Socio-Economie

Mécanismes de partage du risque dans l’Inde rurale

Laura munro

Nationality British

Year of selection 2012

Institution London School of Economics and Political Science

Country United Kingdom

Risk Socio-Economie

Ph.D

3 years

120000 €

Partager les risques, c’est prendre moins de risques ? Micro-assurance et pression du groupe

Les risques sont un élément central de la vie des ruraux en situation de pauvreté. Comme beaucoup d’entre eux travaillent dans le secteur agricole, cette vulnérabilité peut prendre la forme de récoltes irrégulières à cause d’insectes nuisibles ou de variations météorologiques sévères. En plus des systèmes informels d'entre-aide (dons ou prêts des membres de la communauté), les petits agriculteurs font aussi parfois appel à la micro-assurance qui leur permet de conserver leur niveau de consommation en cas de problèmes.
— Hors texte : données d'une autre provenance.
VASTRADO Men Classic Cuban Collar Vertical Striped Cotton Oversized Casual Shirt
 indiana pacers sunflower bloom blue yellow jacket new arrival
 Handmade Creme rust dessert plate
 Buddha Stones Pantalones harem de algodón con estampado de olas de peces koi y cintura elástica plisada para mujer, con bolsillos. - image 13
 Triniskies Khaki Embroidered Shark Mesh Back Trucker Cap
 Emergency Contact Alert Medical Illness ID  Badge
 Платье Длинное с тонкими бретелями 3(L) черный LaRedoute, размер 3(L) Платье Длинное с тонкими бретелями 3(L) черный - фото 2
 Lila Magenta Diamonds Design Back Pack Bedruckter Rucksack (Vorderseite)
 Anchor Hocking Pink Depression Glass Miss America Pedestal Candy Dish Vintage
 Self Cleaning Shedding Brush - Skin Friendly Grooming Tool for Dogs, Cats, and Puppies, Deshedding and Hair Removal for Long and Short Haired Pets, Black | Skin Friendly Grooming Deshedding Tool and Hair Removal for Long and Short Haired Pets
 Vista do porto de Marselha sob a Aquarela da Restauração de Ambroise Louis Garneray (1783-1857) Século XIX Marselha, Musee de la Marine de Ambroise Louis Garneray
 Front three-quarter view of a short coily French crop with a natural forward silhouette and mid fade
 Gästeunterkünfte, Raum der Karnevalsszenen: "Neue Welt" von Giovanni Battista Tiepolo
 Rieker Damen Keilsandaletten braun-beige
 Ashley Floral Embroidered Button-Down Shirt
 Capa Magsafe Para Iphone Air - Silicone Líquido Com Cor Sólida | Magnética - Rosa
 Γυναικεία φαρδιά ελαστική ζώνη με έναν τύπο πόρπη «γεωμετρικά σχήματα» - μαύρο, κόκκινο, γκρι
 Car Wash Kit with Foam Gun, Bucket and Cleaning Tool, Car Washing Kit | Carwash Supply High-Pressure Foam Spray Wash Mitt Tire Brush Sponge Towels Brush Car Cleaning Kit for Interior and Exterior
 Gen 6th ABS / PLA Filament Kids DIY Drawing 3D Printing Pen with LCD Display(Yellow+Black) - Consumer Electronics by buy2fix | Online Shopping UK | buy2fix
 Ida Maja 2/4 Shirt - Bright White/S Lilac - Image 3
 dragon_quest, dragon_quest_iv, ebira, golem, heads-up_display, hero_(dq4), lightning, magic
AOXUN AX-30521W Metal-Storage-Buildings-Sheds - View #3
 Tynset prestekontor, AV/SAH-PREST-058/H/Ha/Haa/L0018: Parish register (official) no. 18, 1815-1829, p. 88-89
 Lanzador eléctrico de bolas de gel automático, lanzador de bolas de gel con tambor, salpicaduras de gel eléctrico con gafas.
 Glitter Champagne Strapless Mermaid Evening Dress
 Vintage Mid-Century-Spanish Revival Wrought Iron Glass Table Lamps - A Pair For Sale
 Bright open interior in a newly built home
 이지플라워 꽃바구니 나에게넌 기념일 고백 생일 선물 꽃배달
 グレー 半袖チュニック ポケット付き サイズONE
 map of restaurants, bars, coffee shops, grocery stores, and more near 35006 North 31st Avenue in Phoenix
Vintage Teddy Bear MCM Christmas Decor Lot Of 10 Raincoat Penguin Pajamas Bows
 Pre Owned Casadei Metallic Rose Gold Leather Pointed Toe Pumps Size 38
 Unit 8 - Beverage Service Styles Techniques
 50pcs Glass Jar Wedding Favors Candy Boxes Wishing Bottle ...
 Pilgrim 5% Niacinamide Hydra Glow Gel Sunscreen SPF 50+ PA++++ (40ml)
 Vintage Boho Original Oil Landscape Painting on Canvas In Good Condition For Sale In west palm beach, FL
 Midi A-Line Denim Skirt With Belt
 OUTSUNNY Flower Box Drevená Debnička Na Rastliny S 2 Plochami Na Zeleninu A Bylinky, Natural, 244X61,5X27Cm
Les assurances basées sur des indices météorologiques ont particulièrement gagné en popularité ces dernières années pour protéger les agriculteurs des risques de sécheresse et d’inondation. Ces assurances sont habituellement vendues à des individus, mais il est possible que nous assistions bientôt au développement de produits collectifs pour des regroupements d’agriculteurs, afin d’augmenter les taux de couverture des pays en voie de développement.
La chercheuse Laura Munro a mené une expérience dans la partie rurale du Gujarat, en Inde, afin d’observer comment la vente de produits d’assurance à des groupes plutôt qu’à des individus affectait le type d’investissement agricole des petits agriculteurs une fois assurés. Elle a découvert que dans les situations où les décisions d’investissement étaient connues de tous, le fait de vendre des assurances à des collectifs leur faisait prendre moins de risques pour leur activité agricole. Cela peut devenir un problème dans certains contextes, car la prise de risques est parfois nécessaire pour obtenir une meilleure productivité moyenne. Parmi les raisons qui expliquent ces 8 % de baisse de la prise de risque par rapport à une situation d’assurance individuelle, Laura Munro a identifié la pression du groupe. En effet, lorsque la distribution du montant compensatoire est à la discrétion du groupe, des arrangements auparavant informels sur les risques partagés deviennent formels. Le groupe peut choisir de donner une portion plus importante de ce montant aux membres qui ont subi le plus de pertes. Cela peut cependant créer une pression de la part du groupe, qui incite les individus à prendre moins de risques, par peur que ceux qui prennent le plus de risques ne nécessitent ensuite une part plus importante du montant compensatoire. Si l’ensemble de la productivité pâtit de la baisse de la prise de risque, ce phénomène pourrait constituer un frein à de futurs développements.
Dans un contexte de changement climatique, les conditions météorologiques extrêmes présentent une menace croissante et de telles assurances deviennent de plus en plus une nécessité. La recherche de Laura Munro montre que la sélection du groupe couvert, l’attention portée à la façon dont sont échangées les informations sur les investissements et la régulation de la distribution des montants compensatoires doivent tous être pris en compte lors de l’élaboration de produits d’assurance. Les résultats de cette recherche pourraient avoir un impact très positif sur le développement de populations parmi les plus vulnérables du monde d’aujourd’hui.